Tuesday, December 05, 2006

Expensive nukes dont make us secure

1 comment:
It is wrong for the Government to spend £15 to £20 billion on new nuclear submarines to carry Trident nuclear missiles not least because the spending simply is not focussed on real threats to the security of our society. Securing sufficient, clean, green energy supplies, global terrorism and organised crime, climate change and a number of other issues all clearly represent security threats that we know will be ongoing for some time but investing in new nuclear submarines tackles none of these. Kingswood MP Roger Berry may not be my preferred political colour (Green) but he is right to say, 'Today's security threat is not one that can be met by nuclear weapons' ('Blair faces fight over new nukes', Bristol Evening Post, December 5).

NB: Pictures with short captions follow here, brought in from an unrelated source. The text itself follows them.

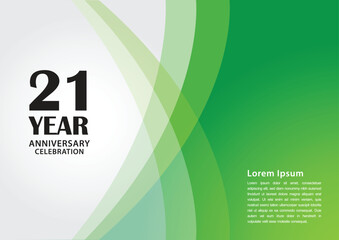 Wall Mural - 21 year anniversary celebration logotype on green background for poster, banner, leaflet, flyer, brochure, web, invitations or greeting card, 21 number design, 21th Birthday invitation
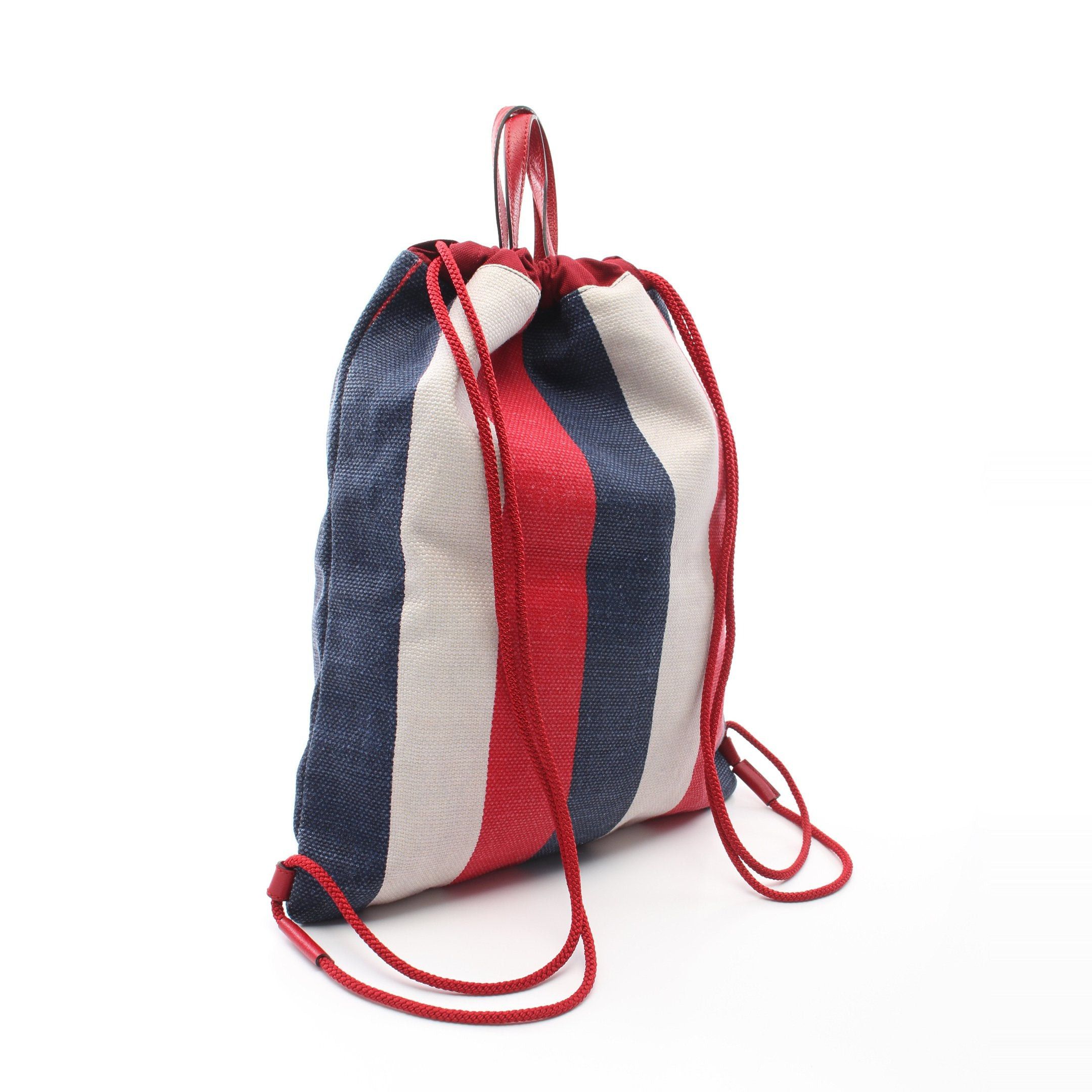 Gucci Gucci Drawstring Backpack Knapsack Rucksack Tricolor Canvas Leather Red Navy White Size ONE SIZE - 2 Thumbnail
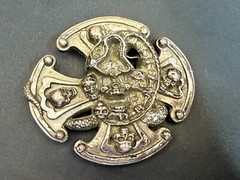 Many Skulls Maltese Iron Cross Artisan Cast? Awesome RARE Unknown! Belt Buckle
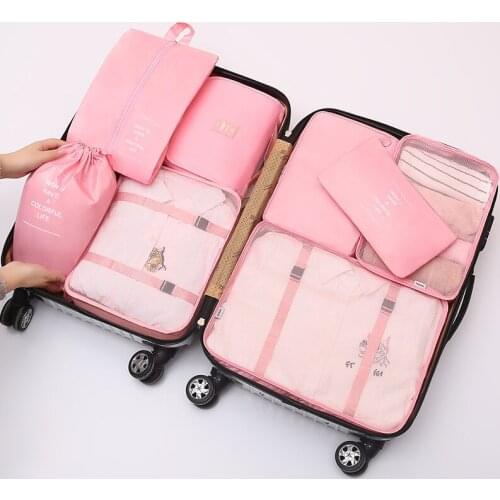 8-piece Travel Storage Bag Portable Clothes Cosmetics Sorting Bag Personal Hygiene Bag Suitcase Organizer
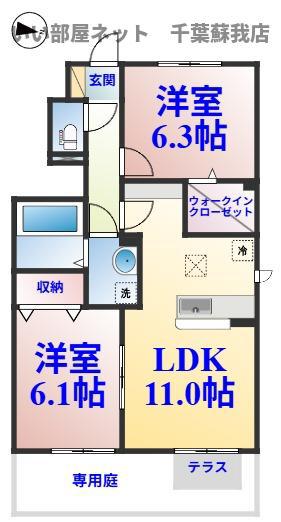 カサヴェール I(2LDK/1階)の間取り写真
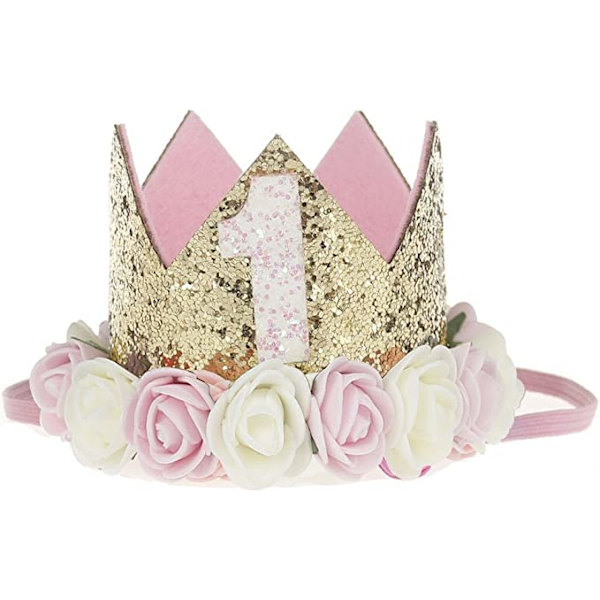 Baby Crown Hat (Pink and White Flowers \"1\") Holiday Birthday Par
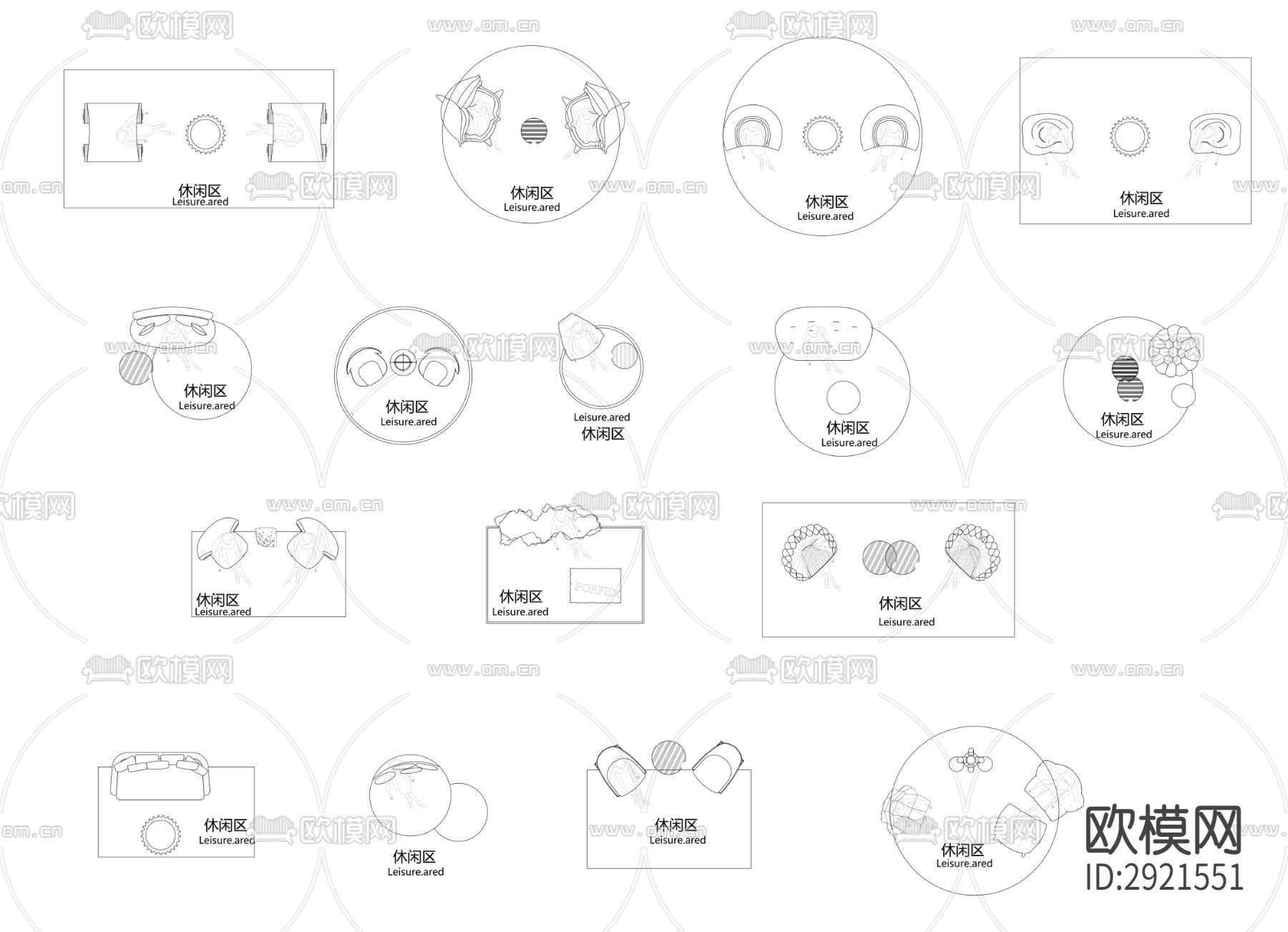 休闲桌椅 洽谈桌椅CAD图库下载（渲染图2）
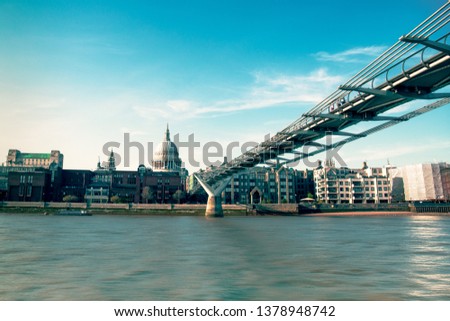 View of millennium bridge and St Paul Cathedral on river Thame london.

This is not the only sense in which the £20 billion (more like £70 billion if one adds up the weapons and submarine lifetime expenditure) will be misused. At todays costs £20 billion would be enough to build 800 new schools, and who would say they aren't needed. It could pay for the protection of over 700 million acres of rainforest, or meet our UN Millenium Goal aid target of 0.7% of GDP every year for the next eight years, thus fighting global poverty which will add to our insecurity if not tackled ! There are many other life and security enhancing ways to spend the money.

Just think of what could be done to enhance state pensions or improve care for the elderly or improve aspects of the NHS with the billions to be spent on nuclear submarines armed with nuclear weapons. And lets not forget that the Germans, Italians, Spanish, Danish, Swedish and others in Europe and around the world do not feel they have to spend billions on nuclear weapons to make them more secure - so why do we?

Bristol North West MP Doug Naysmith is no Green but he is in tune with what will make us more secure when he said, 'We should be reducing nuclear arsenals, not increasing them.' ('Blair faces fight over new nukes', Bristol Evening Post, December 5). He is right because by not reducing nuclear weapons significantly, an aspiration of the Nuclear Non-Proliferation Treaty signed decades ago, we have sent out the message to countries who have since developed nuclear weapons, like India, Pakistan, North Korea and possibly others, that possession and threatened use of nuclear weapons is a necessary and acceptable part of being a secure state. The resulting higher risk of wider availability of nuclear material may well enhance the ability of terrorists to terrorise on a larger scale, with 'dirty' bombs containing such material.

I'm glad that a number of MPs will oppose the Government, though I note that former radical left-winger, now Bristol South MP, Dawn Primarolo wont be among them. Tony Blair is likely to win the vote on this, most likely with Conservative support too. The Government have not and wont now be leading the world in nuclear disarmament. The destructive capacity they have decided to retain is equivalent to 1000 Hiroshima nuclear bombs. Why on Earth is such a massive capacity to indiscriminately annihilate needed? How can the Labour Government, or the Conservative and Lib-Dem opposition who also want a large nuclear arsenal, ever be considered Green if they favour 'defence' by threatening to destroy life on a mass scale?